L'amour à l'égard de la femme occupe une place secondaire, il s'agit de l'affection ou du respect dus à l'épouse, comme le montre le poème du Cid. Il s'agit aussi de l'amour brûlant sensuel et sexuel qu'éprouvent les rois pour leurs concubines (amour parfois imprégné des accents de la sensualité musulmane). Il s'agit même d'amour incestueux entre frère et sœur, amour dur et puissant qui mène au drame de sang. Mais la relation avec la femme est rarement présente, elle est toujours distante. Ce que recherche le chevalier au long de sa vie, son idéal, c'est, comme nous l'avons déjà dit au début, la renommée, l'honneur tiré du fait d'armes et la richesse matérielle, le butin que l'on gagne aux musulmans. L'éternelle illusion d'El Dorado qui se maintiendra dans l'esprit des Conquistadors d'Amérique.
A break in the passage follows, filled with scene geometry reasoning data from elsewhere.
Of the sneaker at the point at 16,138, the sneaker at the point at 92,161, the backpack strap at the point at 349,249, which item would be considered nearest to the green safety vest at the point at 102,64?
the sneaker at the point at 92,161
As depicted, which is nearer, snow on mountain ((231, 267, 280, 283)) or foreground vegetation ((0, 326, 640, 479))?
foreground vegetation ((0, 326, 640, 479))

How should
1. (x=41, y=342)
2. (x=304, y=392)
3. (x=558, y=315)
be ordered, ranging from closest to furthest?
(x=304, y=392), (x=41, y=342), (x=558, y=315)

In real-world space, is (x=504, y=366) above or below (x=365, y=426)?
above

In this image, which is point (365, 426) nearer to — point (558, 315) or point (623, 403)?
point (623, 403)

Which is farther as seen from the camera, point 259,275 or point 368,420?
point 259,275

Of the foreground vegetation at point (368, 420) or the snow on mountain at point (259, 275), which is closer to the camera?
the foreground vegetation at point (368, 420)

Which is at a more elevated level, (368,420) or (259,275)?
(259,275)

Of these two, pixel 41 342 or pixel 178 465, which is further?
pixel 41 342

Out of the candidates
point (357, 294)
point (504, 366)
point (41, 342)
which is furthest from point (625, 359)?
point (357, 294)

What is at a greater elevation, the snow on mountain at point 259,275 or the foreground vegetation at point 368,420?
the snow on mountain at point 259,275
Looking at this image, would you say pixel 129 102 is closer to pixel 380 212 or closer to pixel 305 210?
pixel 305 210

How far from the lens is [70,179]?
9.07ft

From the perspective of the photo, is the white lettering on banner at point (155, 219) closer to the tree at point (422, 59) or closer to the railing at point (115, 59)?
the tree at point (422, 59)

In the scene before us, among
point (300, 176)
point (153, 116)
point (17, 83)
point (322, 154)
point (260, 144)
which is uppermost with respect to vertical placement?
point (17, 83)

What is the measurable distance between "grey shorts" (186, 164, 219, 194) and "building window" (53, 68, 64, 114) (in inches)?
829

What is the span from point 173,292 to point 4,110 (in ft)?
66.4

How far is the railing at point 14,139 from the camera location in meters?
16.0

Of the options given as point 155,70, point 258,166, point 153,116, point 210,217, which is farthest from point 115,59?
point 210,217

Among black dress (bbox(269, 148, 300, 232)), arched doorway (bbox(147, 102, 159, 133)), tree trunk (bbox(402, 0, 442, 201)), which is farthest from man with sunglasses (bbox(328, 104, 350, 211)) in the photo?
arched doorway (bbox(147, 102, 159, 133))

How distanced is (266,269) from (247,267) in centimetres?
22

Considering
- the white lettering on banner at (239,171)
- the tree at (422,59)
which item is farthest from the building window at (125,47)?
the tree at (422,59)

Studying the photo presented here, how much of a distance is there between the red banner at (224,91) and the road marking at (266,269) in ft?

Au cours du XlVe siècle l'on voit apparaître, face aux vertus guerrières, les vertus courtisanes, on parle des habits, de la richesse des tissus, des couleurs. Et aussi des vertus des chevaliers qui joutent face aux dames et aux jeunes filles, on s'intéresse à leurs bons mots et à leur finesse d'esprit. Cependant, tout au moins jusqu'au XVe siècle on maintient les vertus attribuées aux braves guerriers de la Reconquête.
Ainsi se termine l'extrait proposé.